Data segment:

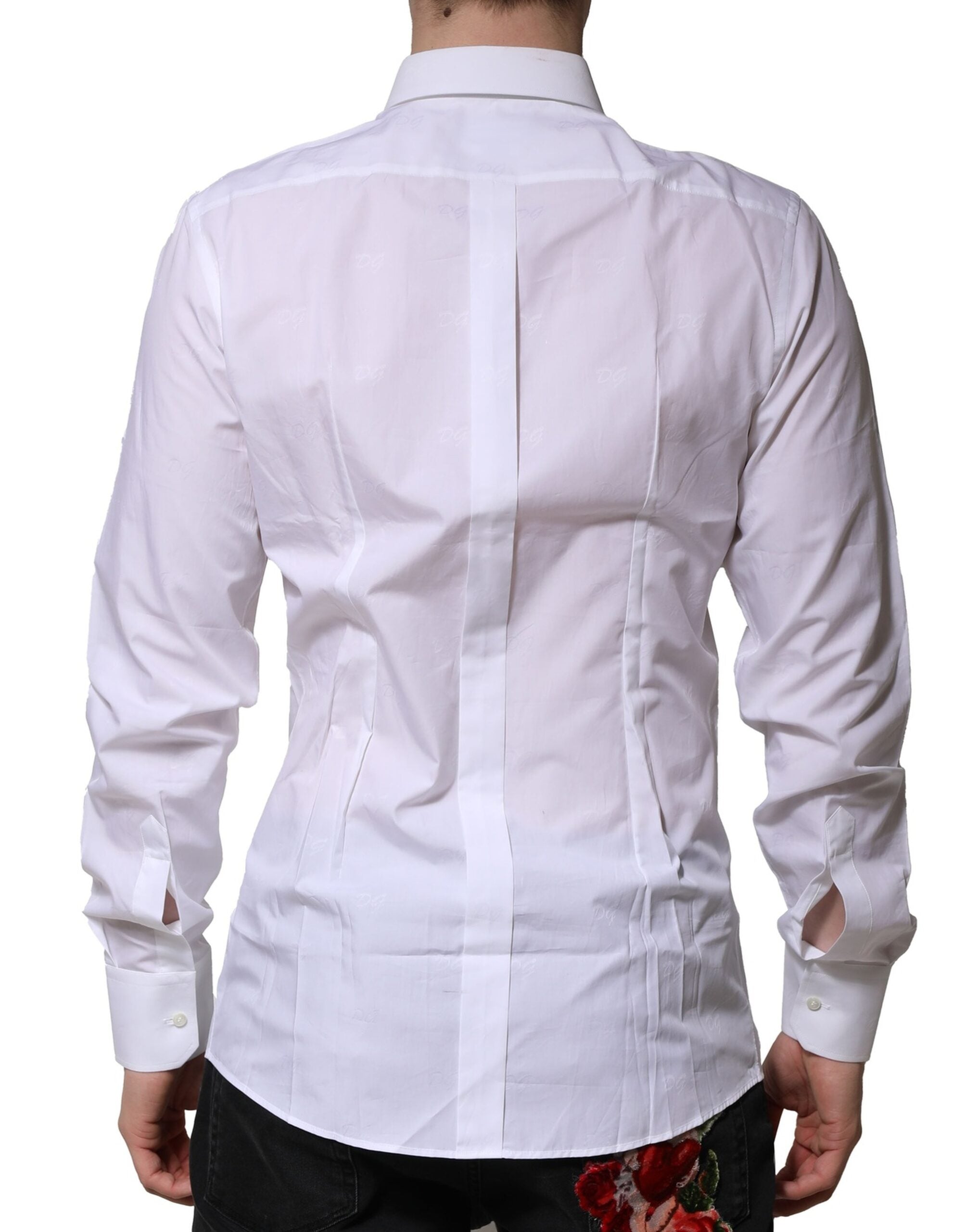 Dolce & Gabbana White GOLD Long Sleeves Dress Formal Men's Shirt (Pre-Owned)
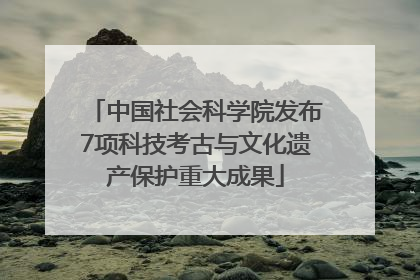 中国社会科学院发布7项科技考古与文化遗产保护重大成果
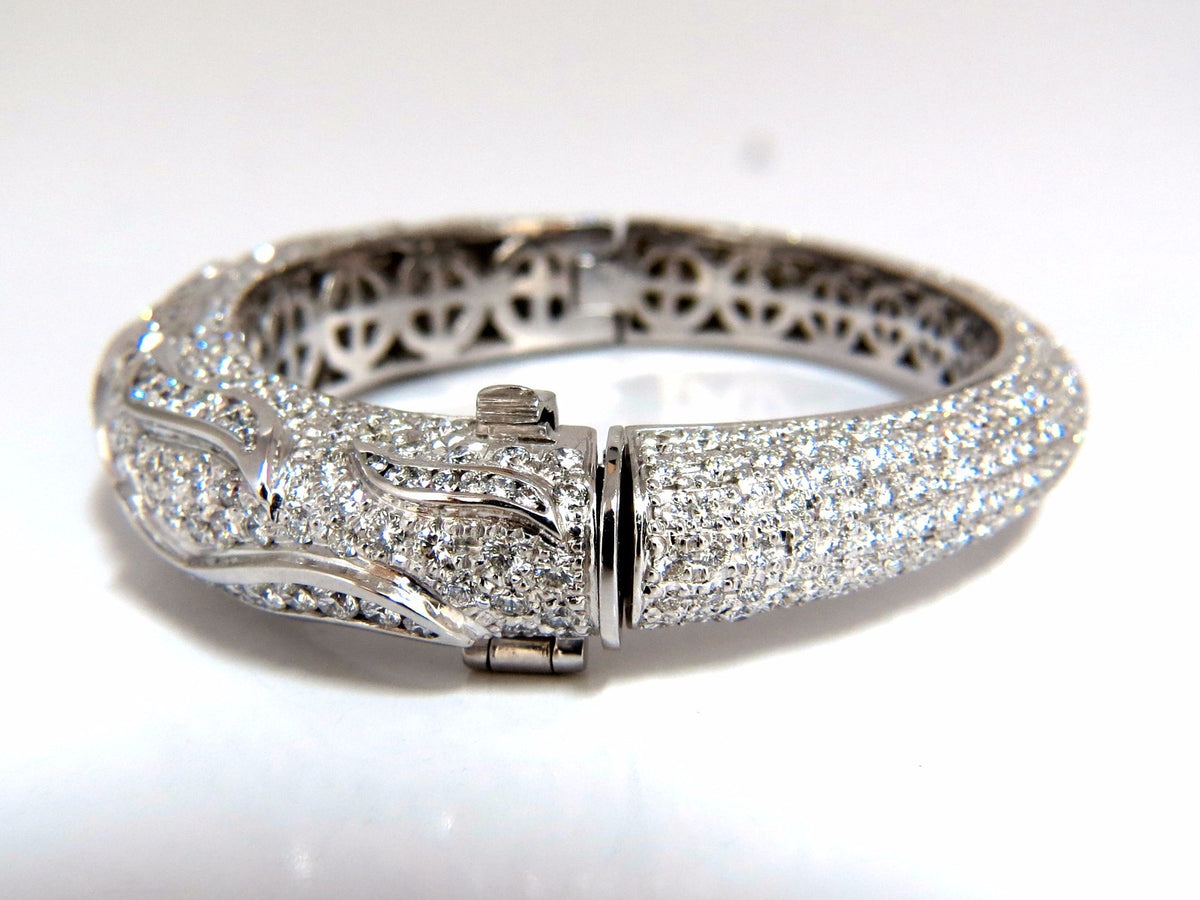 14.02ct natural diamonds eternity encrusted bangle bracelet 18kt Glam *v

Work item: Write out the whole listing above exactly; do not include the pictures.

Exercise output:
 Dolce & Gabbana White GOLD Long Sleeves Dress Formal Men's Shirt (Pre-Owned)
 中国社会科学院发布7项科技考古与文化遗产保护重大成果
 14.02ct natural diamonds eternity encrusted bangle bracelet 18kt Glam *v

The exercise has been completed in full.